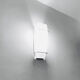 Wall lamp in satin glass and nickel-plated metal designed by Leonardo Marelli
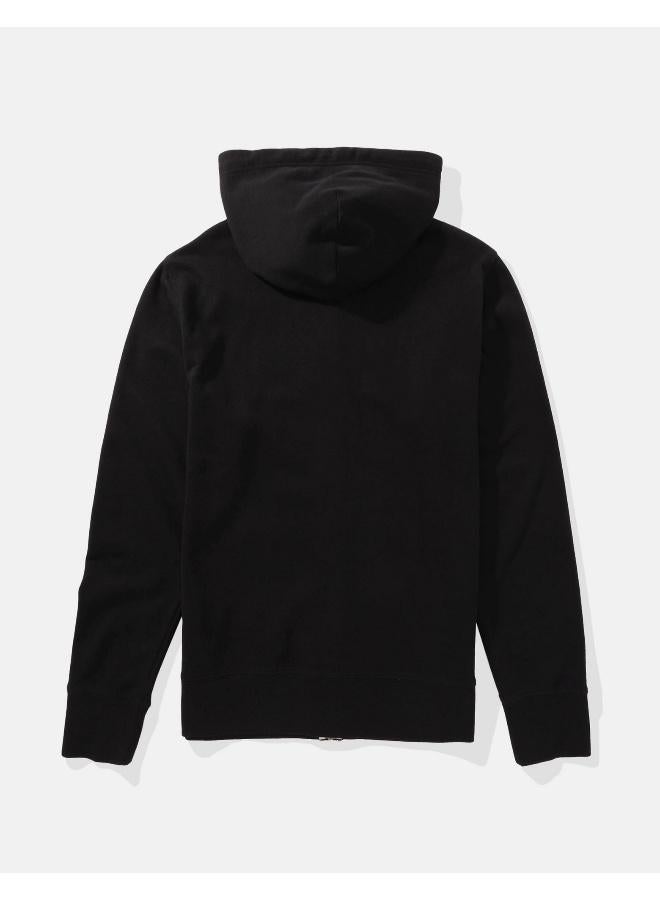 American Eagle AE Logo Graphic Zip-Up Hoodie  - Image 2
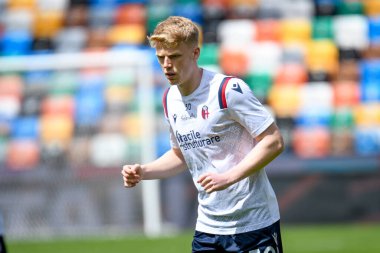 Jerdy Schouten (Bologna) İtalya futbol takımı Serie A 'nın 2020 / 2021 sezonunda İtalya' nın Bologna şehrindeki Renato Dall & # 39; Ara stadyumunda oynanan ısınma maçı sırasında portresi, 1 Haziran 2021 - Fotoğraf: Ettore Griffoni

===

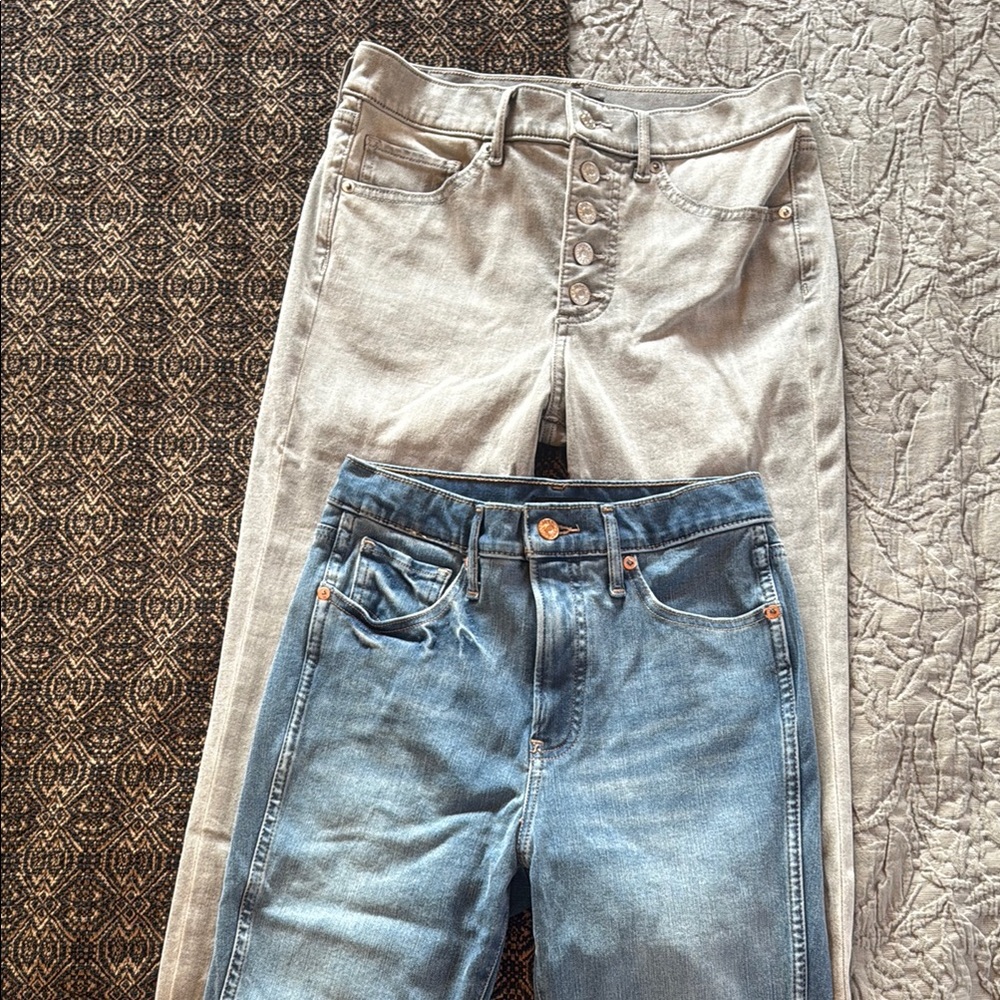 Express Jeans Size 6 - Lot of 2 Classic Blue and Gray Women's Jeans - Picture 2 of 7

===

• [INSTRUCTIONS TO FOLLOW] The stretch to restate runs from the line above containing "Wall lamp in" through the line containing "Jerdy Schouten (Bologna)". Copy it word for word, ends included, without pictures.

• [REPLY]
 Wall lamp in satin glass and nickel-plated metal designed by Leonardo Marelli
 American Eagle AE Logo Graphic Zip-Up Hoodie  - Image 2
 Jerdy Schouten (Bologna) İtalya futbol takımı Serie A 'nın 2020 / 2021 sezonunda İtalya' nın Bologna şehrindeki Renato Dall & # 39; Ara stadyumunda oynanan ısınma maçı sırasında portresi, 1 Haziran 2021 - Fotoğraf: Ettore Griffoni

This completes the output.